No final do século XIX, outro enigma dominava a ciência na época: o Éter Luminífero. Como vimos anteriormente, a luz era tida como uma onda. Os físicos conheciam como as ondas mecânicas (como o som) se comportavam, mas não sabiam como a luz se comportava ao certo; as ideias de Newton ainda soavam forte na ciência, sobretudo com relação ao comportamento da luz como uma partícula. Então, uma nova descoberta sobre a luz mudou toda a concepção sobre a luz: sim, ela era uma onda! Mas, se a luz era uma onda, como ela poderia ser uma partícula? Afinal, como a luz do Sol e das estrelas chegava até nós? Uma onda mecânica, como sabemos, depende de um meio para se propagar. Daí surgiu o Éter, que era um elemento que estava presente em todo o universo, e que tinha características um tanto peculiares: era rígido, mas maleável; tinha uma constante dielétrica muito maior do que qualquer outro elemento e mais: o seu coeficiente de atrito era muito pequeno, o que permitia a Terra não diminuir sua velocidade orbital. E o Éter permeou os caminhos a ciência durante muito tempo.

Não convencidos da existência do éter, dois cientistas norte americanos, Albert Abraham Michelson e Edward Morley, criaram um experimento engenhoso para a época, com espelhos e rodas dentadas, que permitiu a medição da velocidade da luz em relação ao Éter.

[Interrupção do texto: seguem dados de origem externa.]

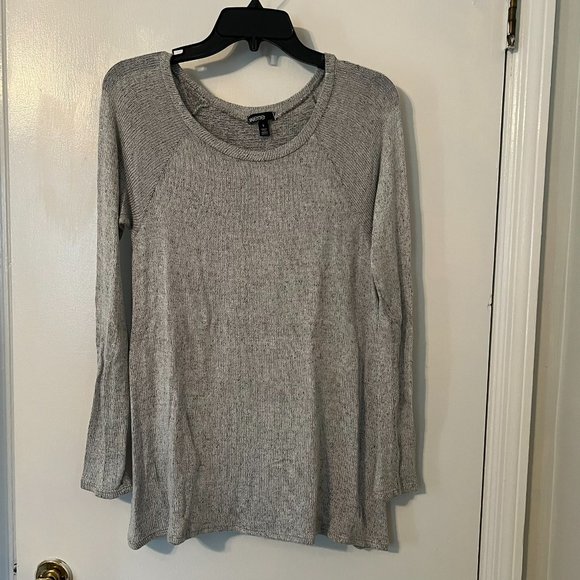 Valette Grey Knit Sweater Size Small - Picture 2 of 4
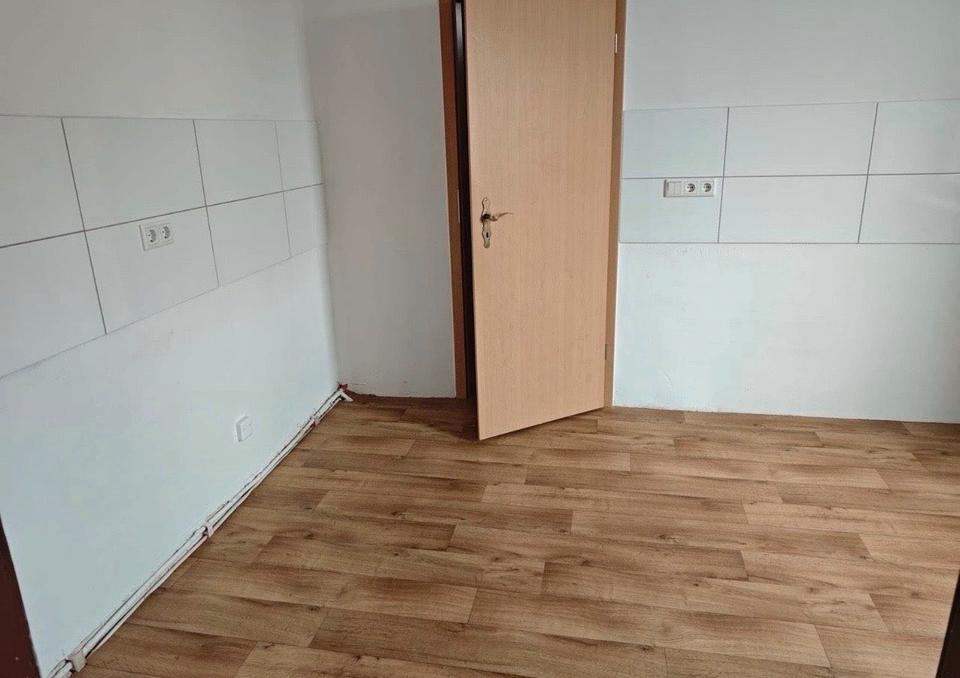 Thumbnail-Geräumige 5 Raum Wohnung Elsteraue OT Draschwitz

E, surpreendentemente, a existência do éter não foi comprovada; ao contrário, a sua existência não era necessária para a propagação da luz e nem de nenhuma outra onda eletromagnética!

Experimento Michelson-Morley

Uma imagem do experimento de Michelson-Morley utilizado para o cálculo da velocidade da luz em relação ao Éter Luminífero.


Esta surpreendente descoberta propiciou a explicação da Teoria da Relatividade criada por Einstein.

Ainda no final do século XIX, a Física Nuclear começa o seu desenvolvimento, com a descoberta do raio-x por Wilhelm Conrad Röntgen, em 1885. E continuou com a descoberta de Becquerel da radioatividade (desintegração espontânea de núcleos atômicos) e do estudo de núcleos atômicos por Pierre e Marie Curie, iniciando-se assim os estudos da Física Nuclear.

Por fim, J.J. Thomson descobre o elétron, partícula de carga negativa, e muda as concepções sobre os modelos nucleares até então admitidos.

Thomson cria o modelo atômico conhecido como "Pudim de Passas", onde os prótons e elétrons estavam em meio a um meio que "transmitia" as cargas e ligações elétricas. Este modelo foi aceito até o meio do século XX, quando surgiram os modelos atômicos mais modernos.